American author and reviewer Jane Ciabattari claims the "democratisation" of reviewing is synonymous with the decay of reviewing and
Steve Braunias, books editor at The Spinoff website, doesn't disagree.
"Book reviewing is one of the most difficult and delicate of the literary arts," he says. "Giving a plot summary and some bland opinion about the merits of it isn't quite good enough, and neither are a few pithy words in some boring Book in Brief review column. I prefer a Books at Enormously Great Length review column. "There have always been wonderful and astute reviewers in New Zealand. Michael King comes immediately to mind. I think he may have been our very best non-fiction reviewer, which makes sense, because he may have been our very best historian.

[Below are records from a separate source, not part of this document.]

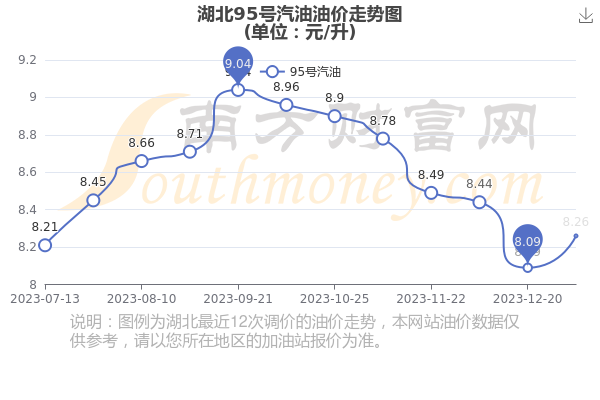 二四六好彩7777788888_湖北95号汽油最新价格,科学分析解释说明_影像处理版8.55.511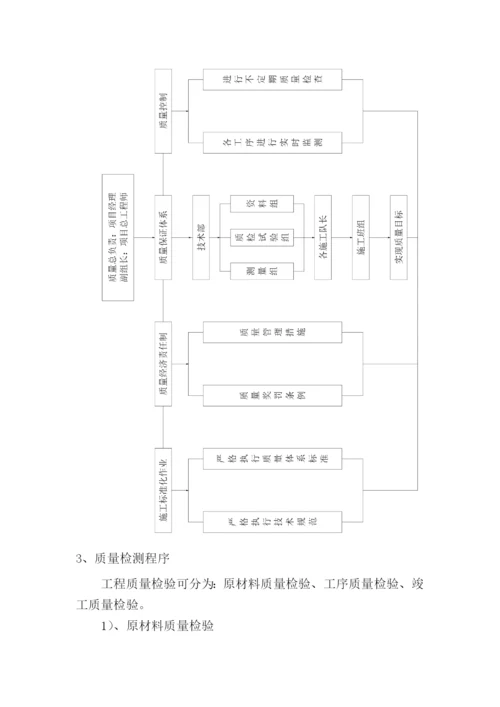 罐区地面硬化施工方案.docx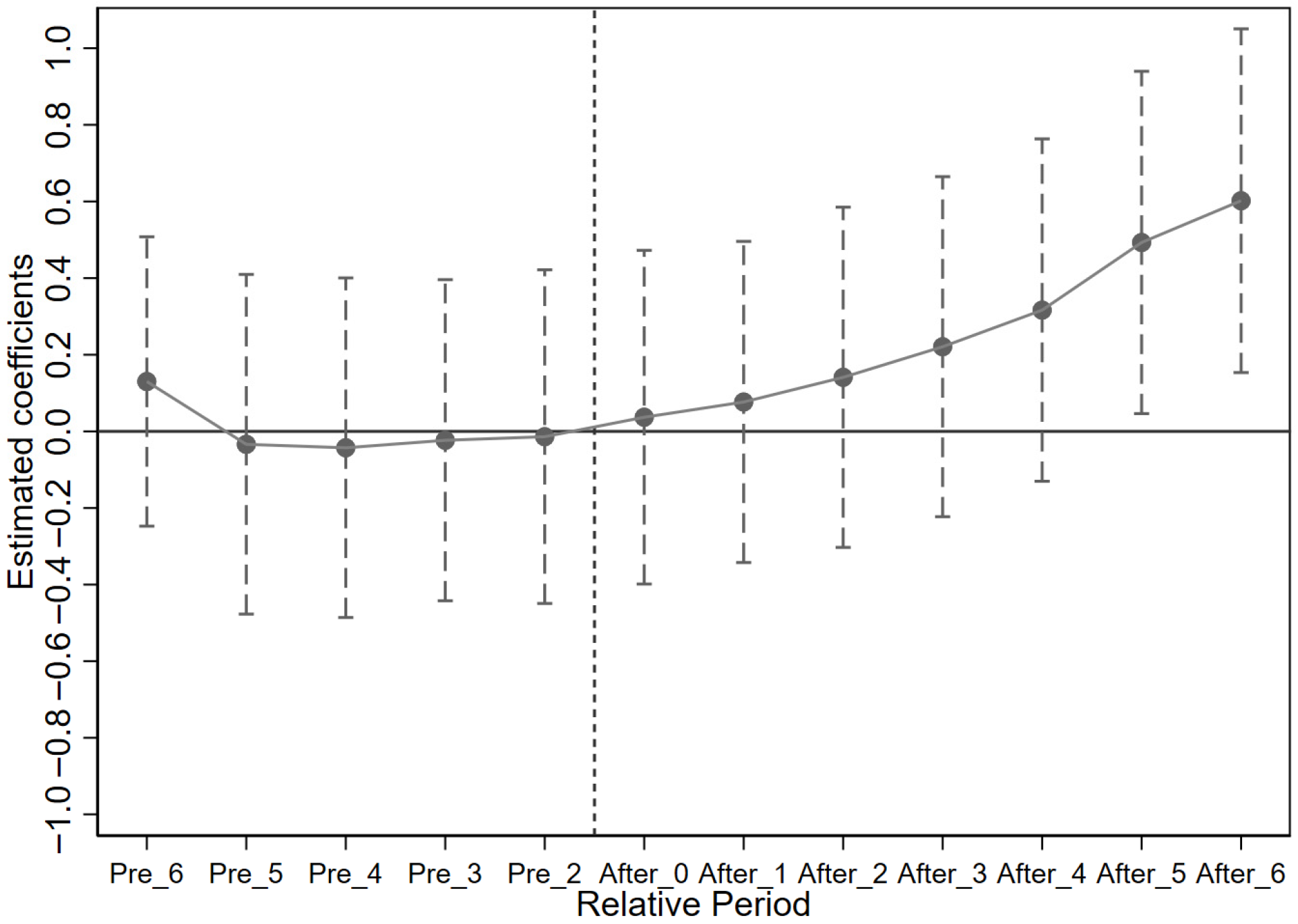 Sustainability 18 00751 g003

Writers are critics too."
Joining Steve at Escape! is Jesse Mulligan, restaurant reviewer for Viva (NZ Herald), who was so keen to work as a food writer that he started a food blog as an "audition" for a paid job. A former law student who abandoned his studies after winning a stand-up comedy contest, Jesse's no stranger to bad reviews. Within 14 months all three of the original presenters of TVNZ's Seven Sharp had left, with "funny man" Jesse being the last. He now hosts a weekday afternoon show on Radio NZ.
Coincidentally, Steve is also a food reviewer, of a sort, filing a regular column for the NZ Herald, The Man who Ate Lincoln Road, a collection of reviews of the Auckland street's fast-food joints.